Le Maroc a franchi un nouveau cap en matière de solidité financière en intégrant le Top 5 africain des pays disposant des plus importantes réserves de change. Selon le dernier rapport de la Banque africaine d’import-export (Afreximbank), les avoirs en devises du Royaume ont atteint un niveau historique de 48,6 milliards de dollars en 2025, soit près de 491 milliards de dirhams, après une progression annuelle de 30,8 %, la plus importante enregistrée depuis 2021.
Cette performance propulse le Maroc au cinquième rang du continent, derrière la Libye (87,9 milliards de dollars), l’Afrique du Sud (75,9 milliards), l’Algérie (52 milliards) et l’Égypte (51,4 milliards). Le Royaume dépasse ainsi le Nigeria, dont les réserves sont estimées à 46 milliards de dollars, malgré le fait qu’il ne soit ni producteur ni exportateur de pétrole.
Les réserves marocaines représentent désormais près de 9,4 % du total des réserves de change détenues par l’ensemble des pays africains, évaluées à 515,2 milliards de dollars en 2025, contre 469,2 milliards un an auparavant, soit une progression continentale de 9,8 %.
Au-delà du montant atteint, le rapport d’Afreximbank souligne l’amélioration de la capacité du Maroc à faire face aux chocs économiques extérieurs. Les réserves permettent désormais de couvrir 6,2 mois d’importations, contre 5,5 mois en 2024. Ce niveau dépasse largement le seuil prudentiel de trois mois recommandé par les institutions financières internationales et reste supérieur à la moyenne africaine, établie à 4,9 mois.
Cette évolution reflète la résilience de l’économie marocaine et la consolidation progressive de ses équilibres macroéconomiques. Après un recul en 2022, où les réserves avaient diminué à 32,3 milliards de dollars contre 35,6 milliards en 2021 sous l’effet de la flambée des prix de l’énergie et des matières premières provoquée par la guerre en Ukraine, la tendance s’est progressivement inversée.
Les réserves sont remontées à 36,3 milliards de dollars en 2023, enregistrant une hausse de 12,4 %, avant d’atteindre 37,1 milliards en 2024. L’année 2025 marque toutefois un véritable changement d’échelle avec une augmentation de 30,8 %, l’une des plus fortes progressions observées parmi les principales économies africaines.
Selon Afreximbank, cette dynamique repose sur plusieurs moteurs de croissance qui ont renforcé les entrées de devises.
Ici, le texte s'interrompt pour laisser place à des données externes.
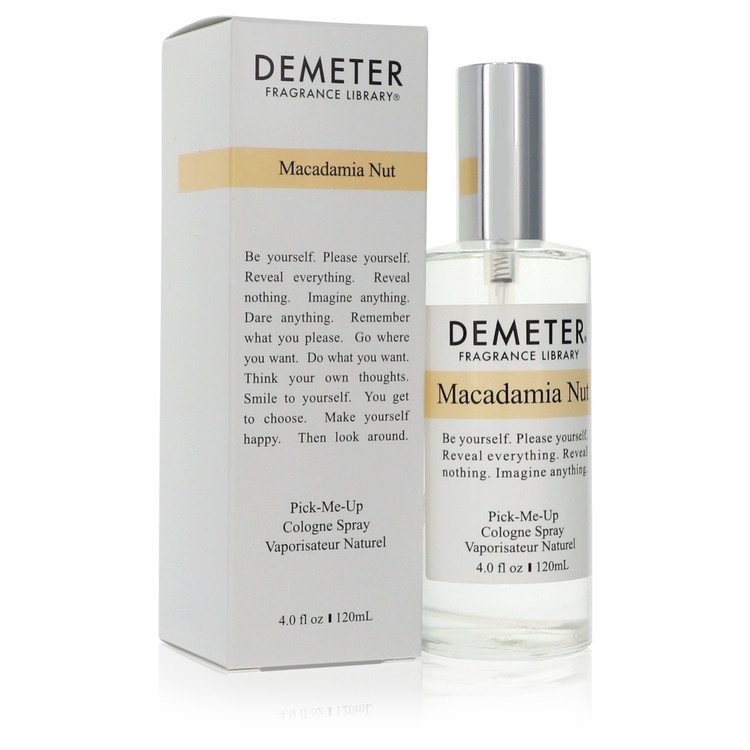 Demeter Macadamia Nut by Demeter Cologne Spray (Unisex) 4 oz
Les performances des industries automobile et aéronautique, la bonne tenue des exportations de phosphates et de produits agroalimentaires, le rebond soutenu du tourisme ainsi que les transferts des Marocains résidant à l’étranger ont largement contribué à cette progression. À ces facteurs s’ajoutent des flux réguliers d’investissements directs étrangers, qui continuent de soutenir les réserves du Royaume.
Le rapport estime que ce niveau élevé de réserves constitue un véritable filet de sécurité face aux fluctuations des marchés internationaux, aux tensions sur les devises et aux éventuels chocs économiques mondiaux. Il offre également au Maroc une marge de manœuvre plus importante pour préserver la stabilité de son économie et maintenir la confiance des investisseurs.
Cette évolution s’accompagne d’une modernisation de la gouvernance des flux financiers. L’Office des Changes a lancé sa stratégie 2025-2029 afin de renforcer le pilotage des mouvements de capitaux, simplifier la réglementation des opérations de change et accélérer la transformation numérique de ses services. Cette feuille de route s’inscrit dans un contexte de soutien continu des partenaires internationaux, notamment avec la perspective d’un financement pouvant atteindre 700 millions d’euros de la Banque européenne d’investissement destiné à accompagner les réformes structurelles engagées par le Royaume.
En atteignant un niveau inédit de réserves de change tout en se hissant parmi les cinq premières économies africaines dans ce domaine, le Maroc confirme le renforcement progressif de ses fondamentaux économiques. Cette progression illustre la diversification croissante de ses sources de devises et consolide sa capacité à faire face aux incertitudes de l’environnement économique international.